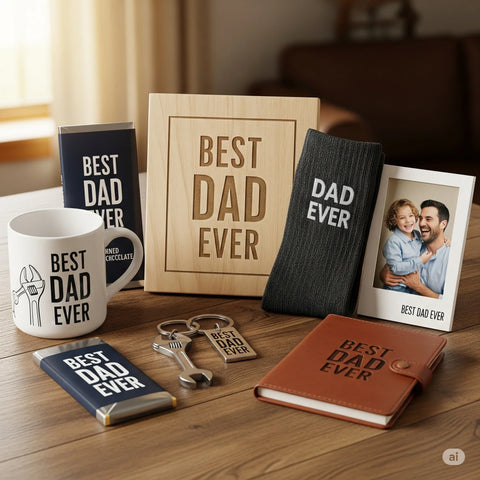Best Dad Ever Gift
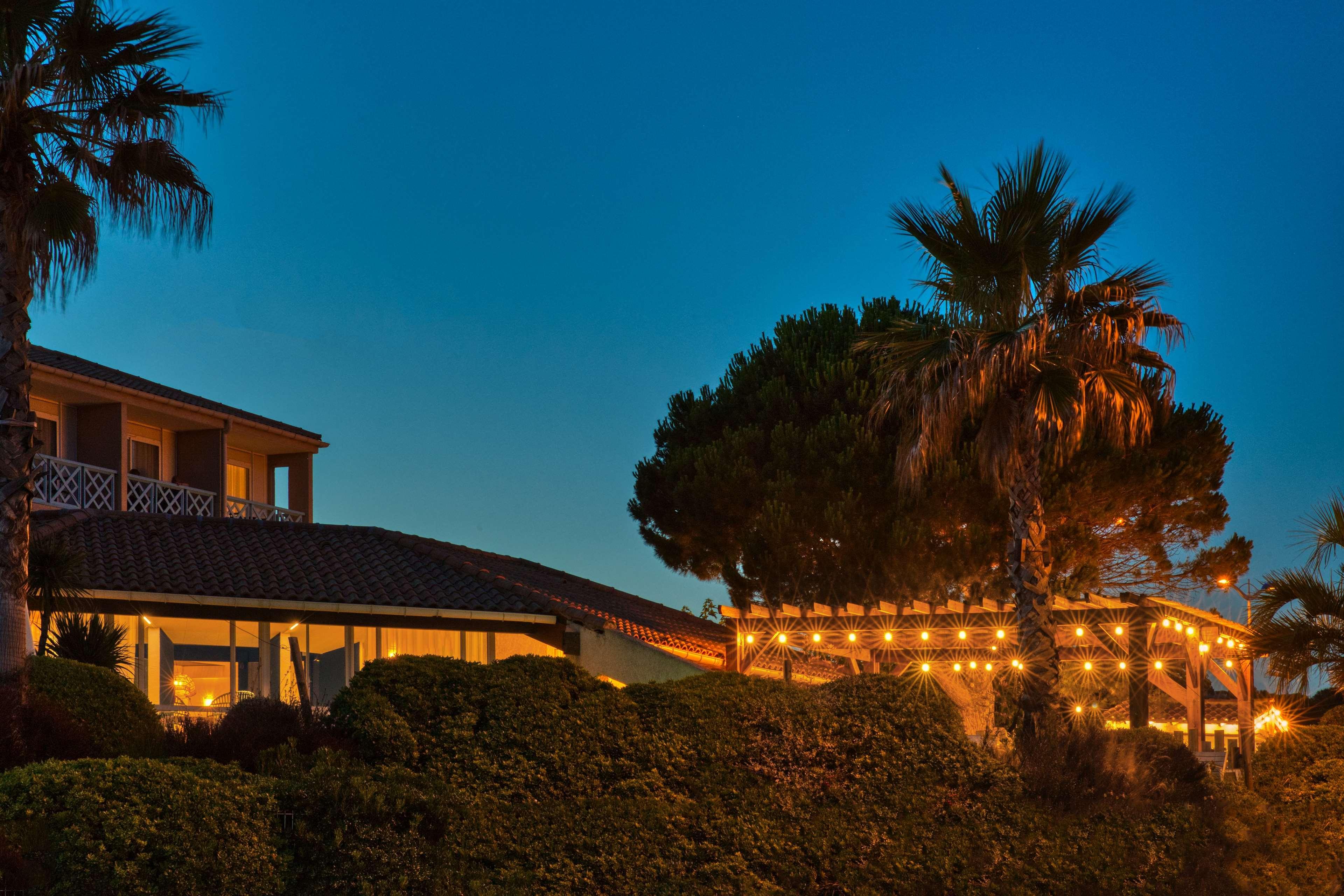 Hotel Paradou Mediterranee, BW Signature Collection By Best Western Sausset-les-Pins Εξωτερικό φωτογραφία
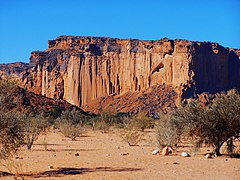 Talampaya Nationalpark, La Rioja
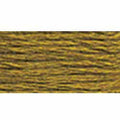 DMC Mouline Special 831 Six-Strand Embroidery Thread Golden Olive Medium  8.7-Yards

==

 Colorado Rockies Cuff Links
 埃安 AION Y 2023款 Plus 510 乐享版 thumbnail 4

==

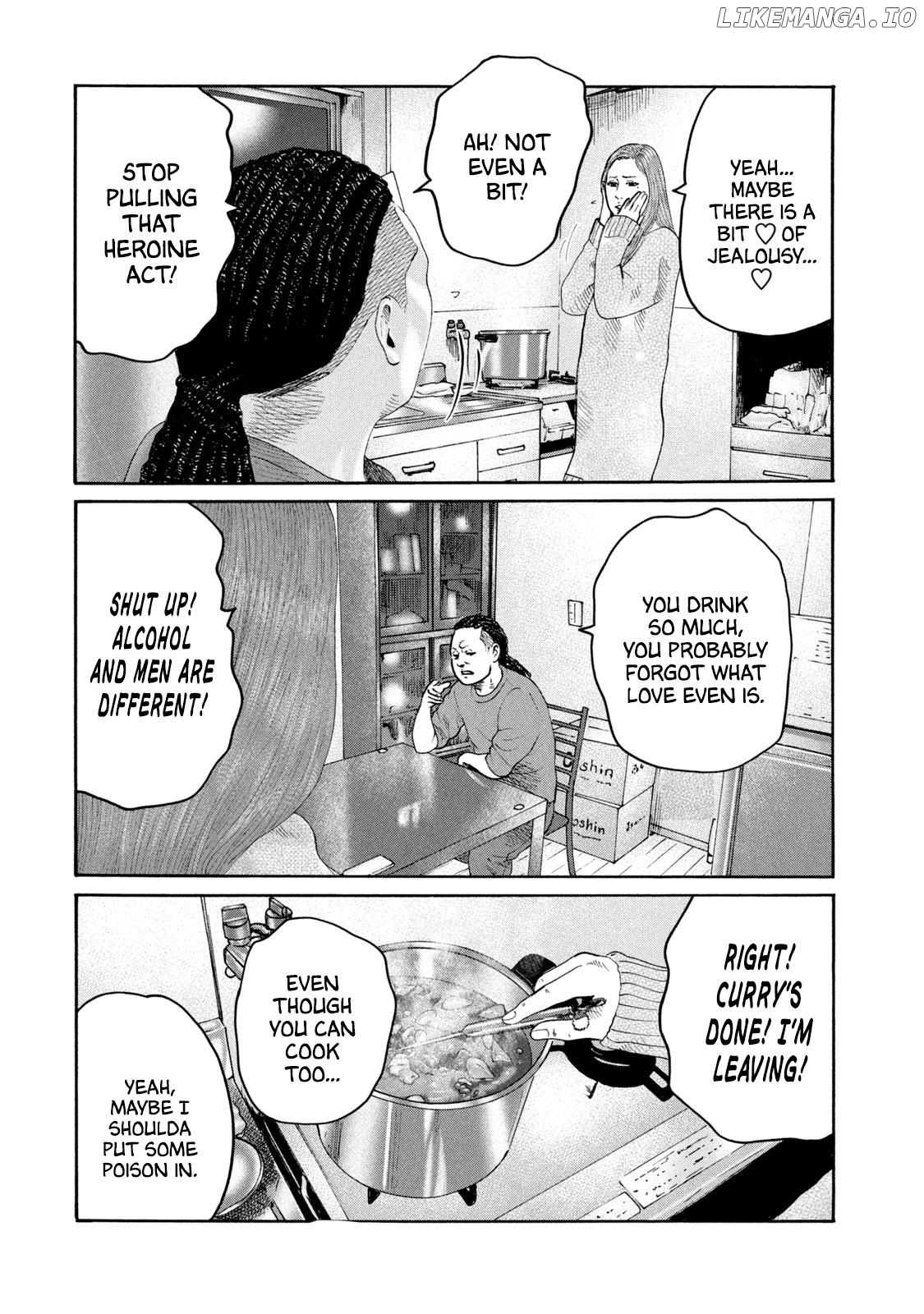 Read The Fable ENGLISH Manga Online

**WHAT YOU WILL DO**. Your task is to transcribe, with no changes, only the lines of the listing above that lie between the line holding "Colorado Rockies Cuff Links" and the line holding "埃安 AION Y 2023款 Plus 510 乐享版 thumbnail 4", inclusive.

**ANSWER BOX**.
 Colorado Rockies Cuff Links
 埃安 AION Y 2023款 Plus 510 乐享版 thumbnail 4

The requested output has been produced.